Che la luce di Cristo vi illumini sempre!

TACERE SU DIO E’ LODEVOLE SEGNO DI UMILTA’ *
Secondo me, umile non è colui che parla con misura di Dio: colui che sa dire alcune cose, trattenersi su altre, ammettere la sua ignoranza su certi temi; colui che cede la parola a chi ne ha il compito, che ammette che ci sia qualcuno più ispirato di lui dallo Spirito Santo e più progredito nella contemplazione. È vergognoso rifiutare un modo di vestire e un tenore di vita più elevato e assumerne uno più semplice, fare mostra di umiltà e di consapevolezza della propria debolezza con calli alle ginocchia, lacrime a fiotti,e, ancora, digiuni, veglie, sonni fatti a terra, fatiche a tutti i tipi di pena, ed essere poi dei tiranni autoritari quando si parla di Dio, non cedere il posto assolutamente a nessuno, essere superbo più di un dottore della legge. In questo campo l’umiltà comporta, insieme, con la gloria anche la sicurezza. [...] Io non ti esorto a tacere, uomo sapientissimo, ma a non comportarti in modo rissoso; non ti invito a nascondere la verità, ma a non insegnarla in contrasto con la legge. “Se hai una parola di intelligenza, rispondi” – dice la Scrittura – “e nessuno te lo impedirà; altrimenti metti un laccio alle tue labbra”. Quanto meglio questo testo si adatta a quelli che sono pronti a insegnare! Infatti, se è il momento giusto, allora insegna, se no, frena la lingua e apri le orecchie. Occupati delle cose divine, ma rimanendo entro i limiti. Pronuncia le parole dello Spirito e, se è possibile, niente altro; pronunciale più spesso di quanto prendi fiato – infatti, è bello e divino essere sempre spronati a Dio ricordandosi delle cose divine –, ma pensando alle cose che ti sono state prescritte. Non ti occupare eccessivamente della natura del Padre, dell’esistenza dell’Unigenito, della gloria e della potenza dello Spirito, della divinità e dello splendore delle tre Persone, della natura indivisibile, della confessione, della gloria e della speranza dei fedeli. Tienti stretto alle parole con le quali sei stato nutrito: il discorso sia dei più saggi. [...] La tua prontezza arrivi fino alla confessione di fede, se mai ti viene richiesta; per ciò che è al di là di essa, sii più timido.
* s. Gregorio il Teologo (di Nazianzo)

Il Cristiano è un uomo che attende. Il Signore ci dice nel Vangelo: “Tenete sempre la cintura ai fianchi e le lampade accese; siate simili a quei servi che attendono il padrone, che ritorna dalle nozze, per aprirgli al momento che verrà e busserà” (Lc 12, 35-36)

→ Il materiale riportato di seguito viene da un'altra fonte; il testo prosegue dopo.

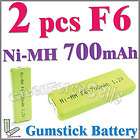   700mah F6 1.2V NIMH NH 8WM Gumstick Rechargeable Battery CD MD HI MD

Un soldato chiese a un anziano se Dio avrebbe perdonato un peccatore. Ed egli gli disse: Dimmi, caro, se il tuo mantello è lacero lo getterai via? Il soldato rispose dicendo: No, lo rammenderò e lo rimetterò addosso. L'anziano gli disse: Se tu ti prendi cura del tuo mantello, vuoi che Dio non sia misericordioso con te che sei la sua immagine?

Quando perdi la pace?
Quando pensi, anche per un attimo,
di aver fatto qualcosa di buono;
quando ti credi migliore del fratello;
quando giudichi qualcuno (cf. Mt 7,1‑5);
quando rimproveri senza dolcezza
e senza amore;
quando mangi molto;
quando preghi senza zelo.
(s. Silvano del monte Athos)

L'arcivescovo Teofilo si recò un giorno al Monte di Nitria e l'abate del Monte gli venne incontro. «Abba», gli chiese l'arcivescovo, «che hai trovato di più vantaggioso in questa via?». L'anziano rispose: «Accusarmi e riprendermi senza tregua». «Non vi è in effetti, altra via», replicò l'arcivescovo.